Entgegen dem den Obersten Gerichtshof nicht bindenden Ausspruch der Vorinstanz (§ 508a Abs 1 ZPO) ist die Revision der Beklagten nicht zulässig.

Zunächst ist festzuhalten, dass nach stRsp in der Revision weder ein vom Berufungsgericht bereits verneinter Verfahrensmangel (RIS-Justiz RS0042963) noch ein in der Berufung nicht geltend gemachter Verfahrensmangel erster Instanz gerügt werden darf (RIS-Justiz RS0043111). Die neuerliche Geltendmachung der erstgerichtlichen Unterlassung, den Kläger zur Vorlage seiner Einkommensteuerunterlagen für die Jahre 1998 bis 2000 aufzufordern, erweist sich daher ebenso als unzulässig wie der Versuch, für diesen bereits geltend gemachten erstinstanzlichen Verfahrensmangel eine weitere (neue) Begründung vorzutragen.

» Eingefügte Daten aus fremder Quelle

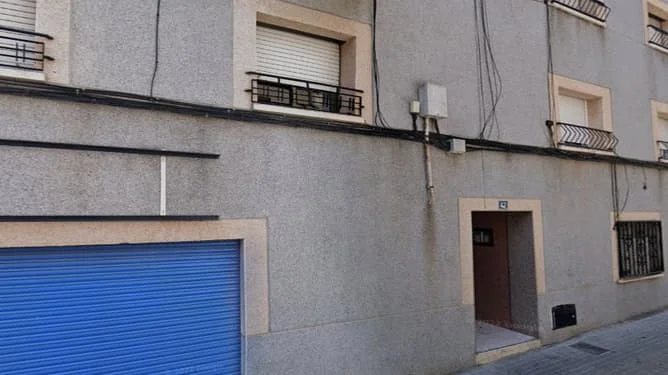 Tenanted Viladecans flat, three bedrooms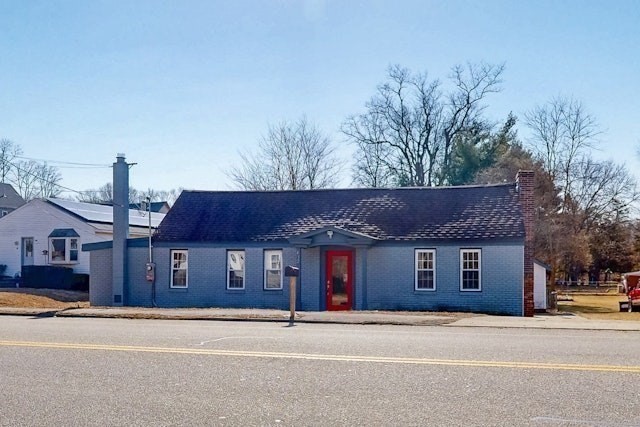 412 Newport Avenue, Attleboro, Massachusetts, 3 Bedrooms Bedrooms, 6 Rooms Rooms,1 BathroomBathrooms,Residential,For Sale,Newport Avenue,73348059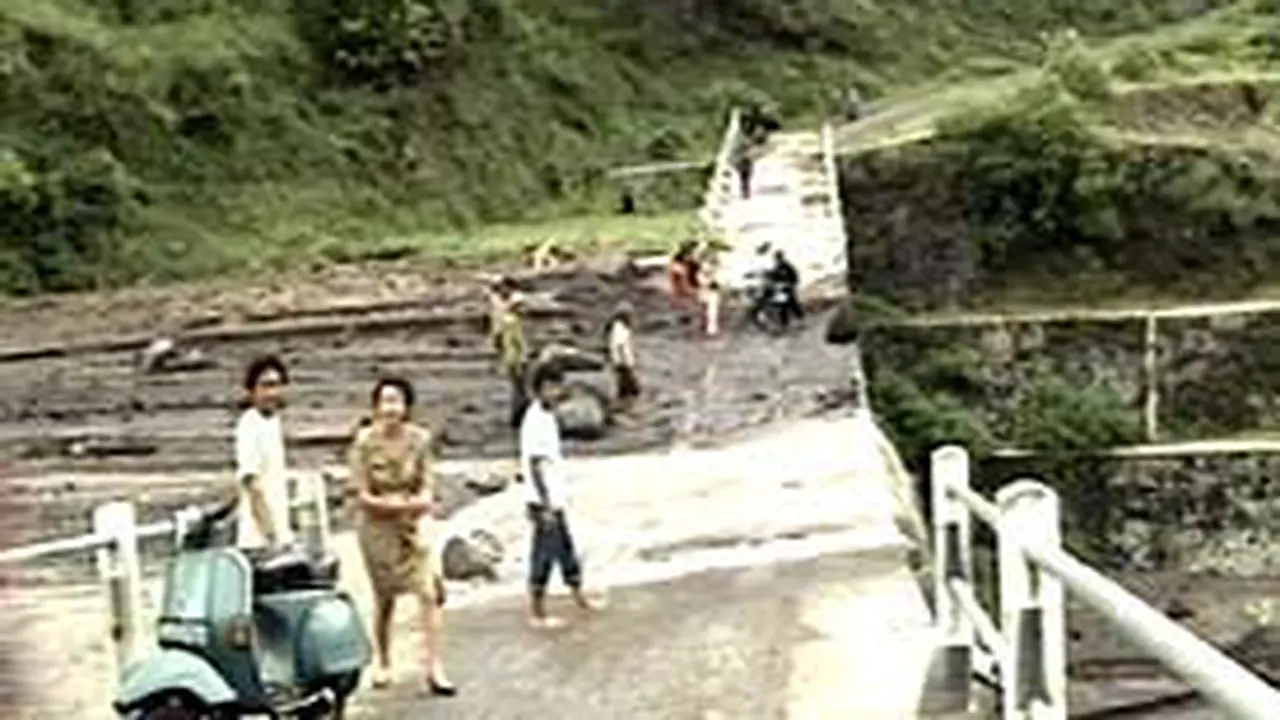 300103aBanjir_Jembatan.jpg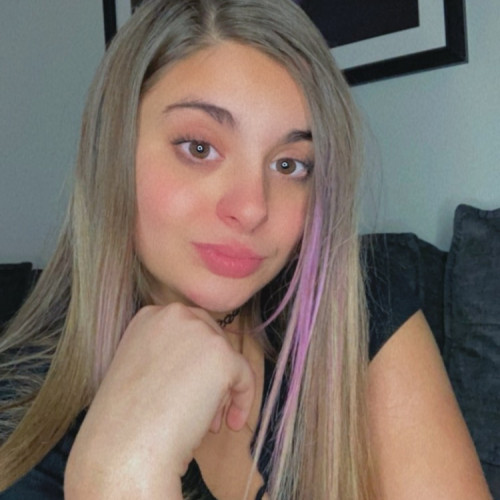 Taryn S.
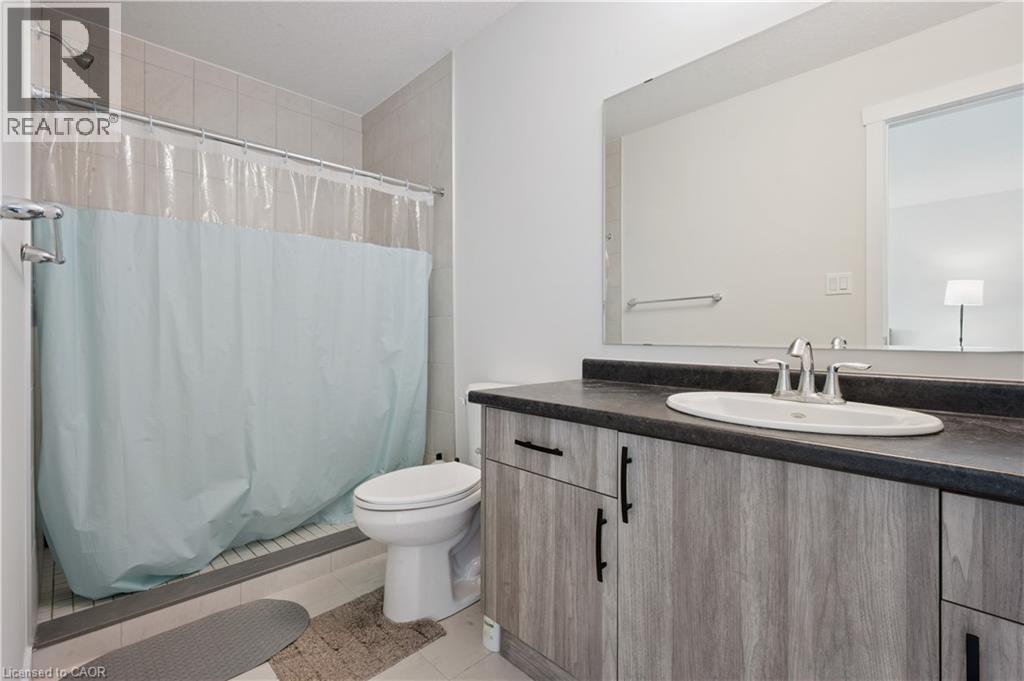 40 Moon Crescent, Cambridge, ON - Indoor Photo Showing Bathroom
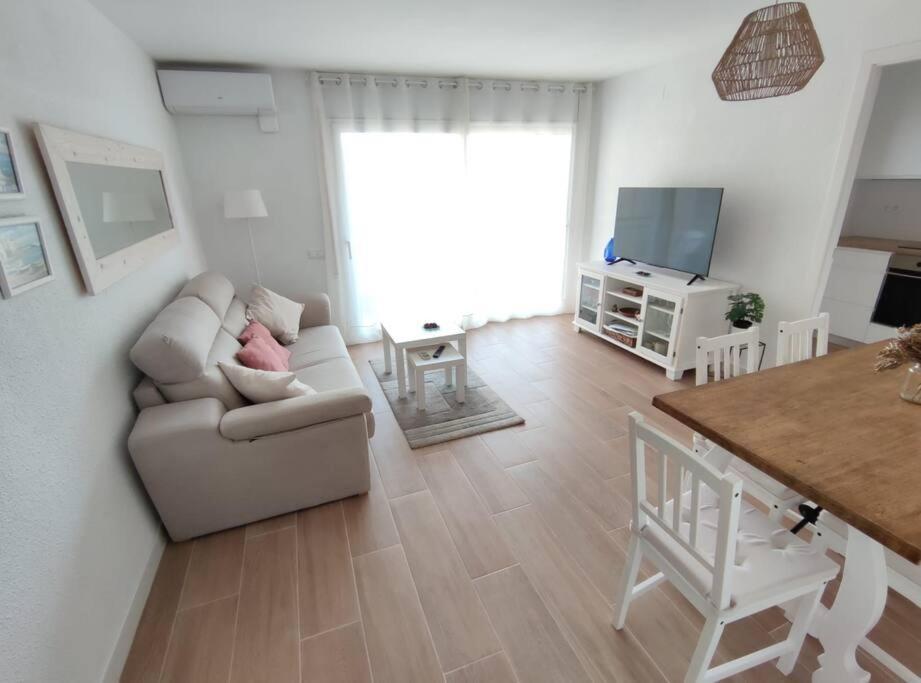 Amplio Apartamento Con Piscina Al Lado De La Playa Castell-Platja d’Aro Exterior foto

Die Geltendmachung aufgrund unrichtiger Rechtsansicht unterlassener Feststellungen (sekundäre Feststellungsmängel) bildet den Revisionsgrund der unrichtigen rechtlichen Beurteilung (§ 503 Z 4 ZPO; RIS-Justiz RS0043304).

Die zweitinstanzliche Entscheidung hält sich bei der Beurteilung der Frage, ob und inwieweit die Anpassung des nach dem bestehenden Exekutionstitel vom Kläger an die Beklagte zu leistenden Unterhalts aufgrund geänderter Einkommensverhältnisse des Klägers ungeachtet einer von den Streitteilen vereinbarten Wertsicherungsklausel für den Unterhaltsbetrag vorzunehmen ist, im Rahmen der stRsp, wonach das Vorhandensein einer vereinbarten Wertsicherungsklausel die Anwendung der clausula rebus sic stantibus nicht ausschließt (zuletzt 1 Ob 109/00m; RIS-Justiz RS0019070). Bei geänderten Verhältnissen sind Unterhaltsbeträge regelmäßig so zu bemessen, dass die einmal festgelegte Relation zwischen Einkommenshöhe und Unterhaltshöhe gewahrt bleibt (RIS-Justiz RS0047529 [T 3, T 4]). Die Vorinstanzen haben darüber hinaus auch den Grundsatz der stRsp beachtet, dass nur eine wesentliche Änderung der Verhältnisse die Anwendung der Umstandklausel rechtfertigt, wobei ein Schwellwert von 10 % mehrfach angesprochen wurde (RIS-Justiz RS0018984, RS0007161 [T 8]).

Die Frage nach der Vertretbarkeit einer anderen Lösung der Rechtsfrage ist mangels Vorliegens einer gravierenden Fehlbeurteilung keine erhebliche Rechtsfrage (RIS-Justiz RS0116755); die Revisionswerberin vermag eine derartige gravierende Fehlbeurteilung in keiner Weise aufzuzeigen. Ihr Versuch, die zwischen den Streitteilen vereinbarte Wertsicherungsklausel für den Unterhaltsanspruch in einen Ausschluss der Anwendung der Umstandsklausel auch für die Einkommensentwicklung des unterhaltspflichtigen Klägers unzudeuten (zu erweitern), muss scheitern, zumal sich eine Wertsicherungsklausel ausschließlich auf die Bedarfskomponente und nicht auf die für die Unterhaltsbemessung ebenfalls maßgebende Leistungsfähigkeit des Unterhaltspflichtigen bezieht (JBl 2000, 670 mwN).

Auch bei Einbeziehung der übrigen von der Revisionswerberin angeschnittenen Rechtsfragen (RIS-Justiz RS0042392) ergibt sich daher, dass im vorliegenden Fall keine Rechtsfrage von erheblicher Bedeutung zu beurteilen ist. Die Revision ist daher zurückzuweisen.

Die Kostenentscheidung gründet sich auf §§ 41, 50 ZPO; der Kläger hat in seiner Revisionsbeantwortung auf die Unzulässigkeit der gegnerischen Revision hingewiesen.